Can't say I've ever came across one with storage solution though. If I remember right the one I have was meant to be stored with the calibration fluid and only came with a bottle of seven calibration. The storage solution would dry out very quick in the cap so needed topped up once a week from what I recall.

Looks like I'm investing in a ph pen again but at least I've saved on the 4dkh water 
Edit* Are the calibration fluids re-usable or one time things?


----------



## dw1305 (5 Feb 2013)

Hi all,


AverageWhiteBloke said:


> Can't say I've ever came across one with storage solution though. If I remember right the one I have was meant to be stored with the calibration fluid and only came with a bottle of seven calibration. The storage solution would dry out very quick in the cap so needed topped up once a week from what I recall.

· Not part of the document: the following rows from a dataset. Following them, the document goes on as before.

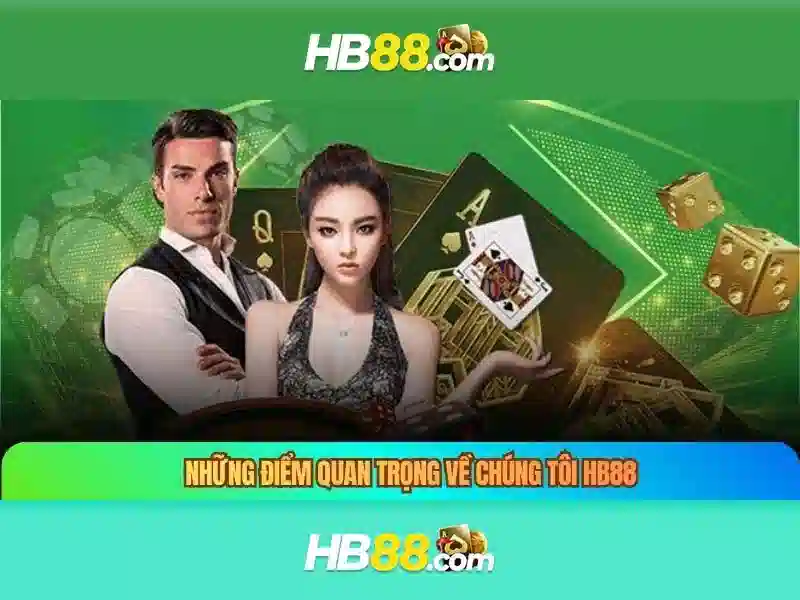 Khuyến mãi game slot HB88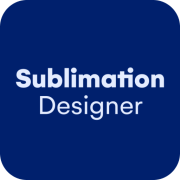 Sublimation Designer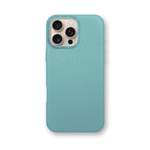 Load image into Gallery viewer, iPhone Case 16 / Full-Grain Leather
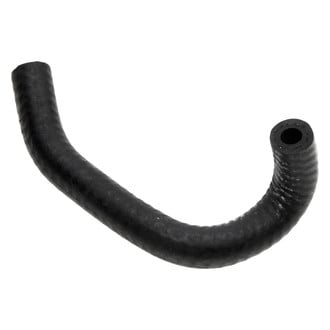 ACDelco® - Professional™ Engine Coolant Bypass Hose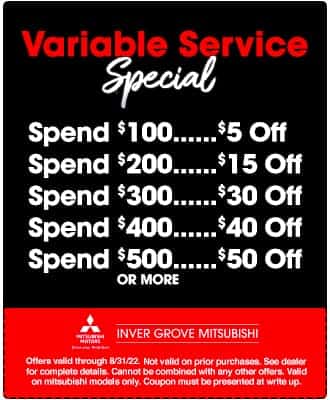 IGM-Aug31-Vsr-Service-Offers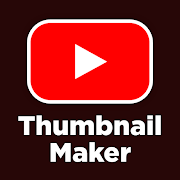 Thumbnail Maker Create Banners Channel Art V11.8.5 APK MOD Premium Unlocked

Depends upon the electrode, but it is usually just potassium chloride (KCl), have a look here: <http://www.coleparmer.com/TechLibraryArticle/550>. You can store the pH electrode in the KCl solution, or fill the  cap. 


AverageWhiteBloke said:


> Edit* Are the calibration fluids re-usable or one time things?


 You can re-use them a couple of times, they just need to cover the electrode, so you can pour a small amount of fluid into a small beaker.

The buffers are quite cheap to buy: <Buffer Solution | ph4, ph7, ph10 and ORP Buffer Solutions - UK>.

cheers Darrel


----------